The winning design for Liberty Memorial, by Harold Van Buren Magonigle, was scaled back owing to a lack of finances. (LaBudde Special Collections, UMKC)


Miller Nichols Library exhibit highlights 10 development plans that fizzled before fruition

Over the years, Stuart Hinds found himself serendipitously collecting information on historic plans for Kansas City that never made history — as in never happened.

“I’d been doing local history librarianship for almost 39 years,” said Hinds, Curator of Special Collections & Archives for University Libraries at the University of Missouri-Kansas City. “I might get a call to research the history of a neighborhood or to find out why a street got its name or something a bit more in-depth.

“And I would run across these references to these development projects that never happened. Being a librarian archivist, I just kept a record of them. Finally, when I got a big enough pile, I thought, ‘Well, gosh, let’s just go ahead and do this exhibit.’”

The eye-opening result is “The Kansas City That Never Was,” Hinds’ intriguing survey of 10 ballyhooed plans for major development projects in Kansas City that nevertheless fizzled before a working shovel could be turned. Exhibit visitors can use their phones to scan QR codes to see how each site looks today. The exhibit continues through Jan. 15 at UMKC’s Miller Nichols Library and is viewable online at library.umkc.edu/exhibits/kc-never-was.

The 10 plans that never happened:

Liberty Memorial

Built on donations, the Liberty Memorial opened in 1926 as the United States’ official World War I memorial. But more farsighted plans had been submitted by competing architects, who endeavored to develop the surrounding grounds with such civic embellishments as an art, literature and music center.

“It would have been more impressive,” Hinds said. “One of the designs that didn’t get chosen included a victory arch over Main Street that connected the hill, where the Memorial was, to what used to be called Signboard Hill, where Crown Center is now. So if that had happened, we’d never have had Crown Center.”

Performing Arts Center

Announced in 1973 to optimally serve UMKC’s Conservatory of Music and Theater Department, the plan for the Enid Jackson Kemper Center for the Performing Arts was initiated with a challenge grant from banker R. Crosby Kemper Jr. that went unanswered. Private donations also faltered amid concerns of economic inflation. The project was scaled back, leading in 1979 to the James C. Olson Performing Arts Center.

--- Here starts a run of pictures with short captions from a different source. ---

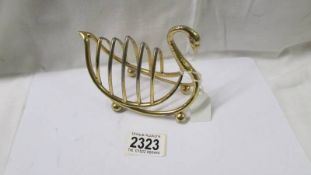 A novelty gilded metal swan toast rack, length 13 cm, height 11 cm.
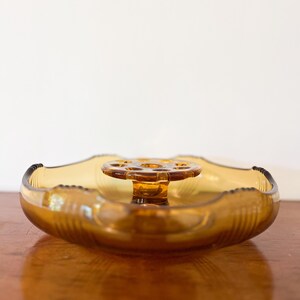 May include: A round amber-coloured glass flower frog bowl featuring a scalloped edge with vertical ribbed detailing. The centre of the bowl contains a raised, circular glass insert with multiple holes designed for arranging stems in a floral display.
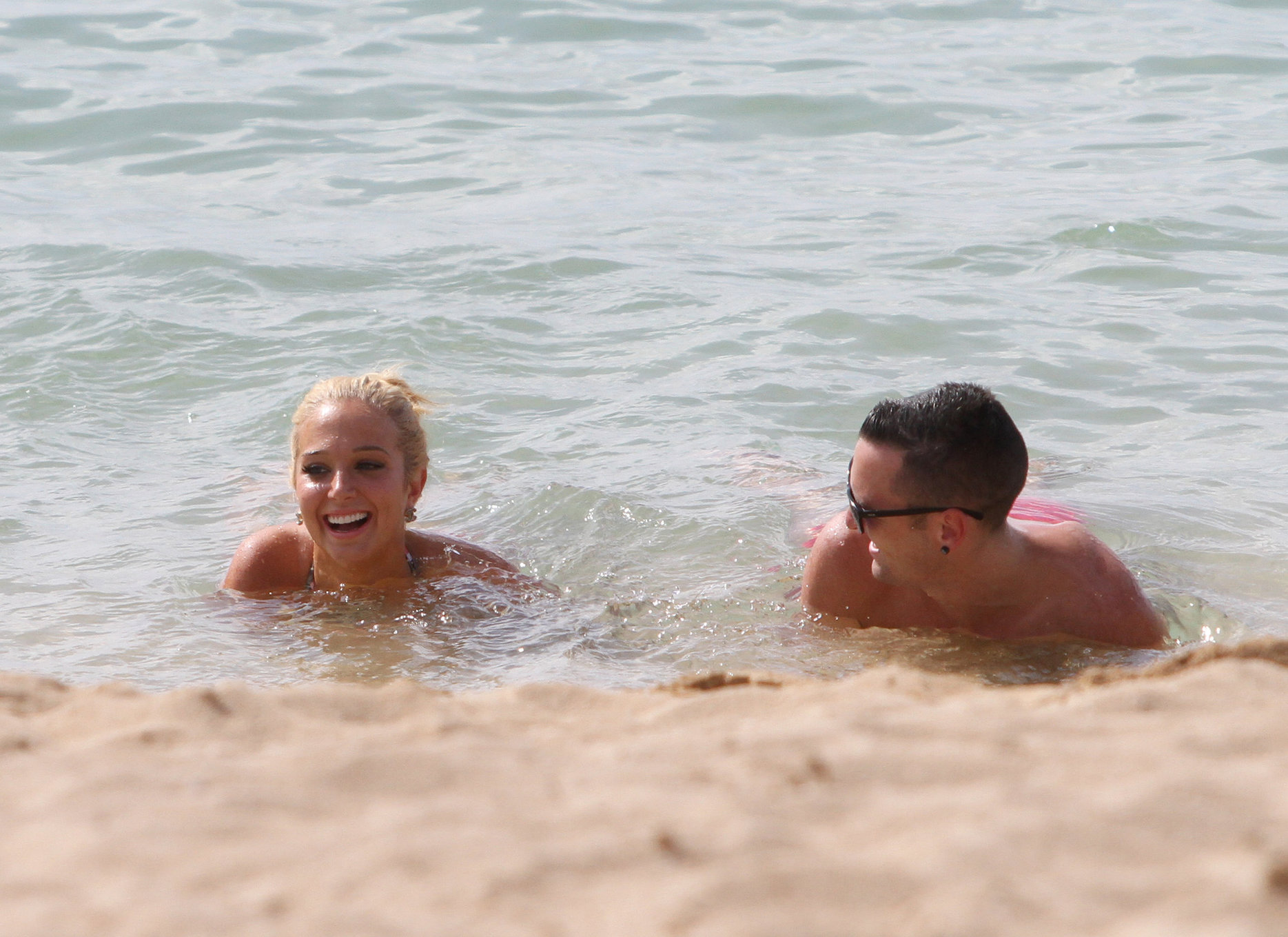 Tulisa Contostavlos Bikini Pictures Tulisa Contostavlos in a bikini on the beach in Honolulu July 31, 2012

“Big plans and an interesting location, because it would have been where Kauffman Memorial Gardens are now,” Hinds said. “But fundraising didn’t happen.”

University Park

More than 50 acres were to be devoted to 17 buildings offering office, research and retail space, extending from where Kauffman Memorial Gardens, the Anita B. Gorman Conservation Discovery Center and the Kauffman Foundation are now, to just south of 48th Street and Troost Avenue.

“This giant business park was going to bring these businesses into greater cooperation with UMKC,” Hinds said. “They threw a lot of energy and a lot of money at that project. They had (first-signed tenant) Kaiser Permanente on the hook to build a building and the Rockhill Neighborhood Association threw a fit, because there was going to be above-ground parking. And that spooked Kaiser Permanente, so they backed away,” and UMKC eventually canned the project.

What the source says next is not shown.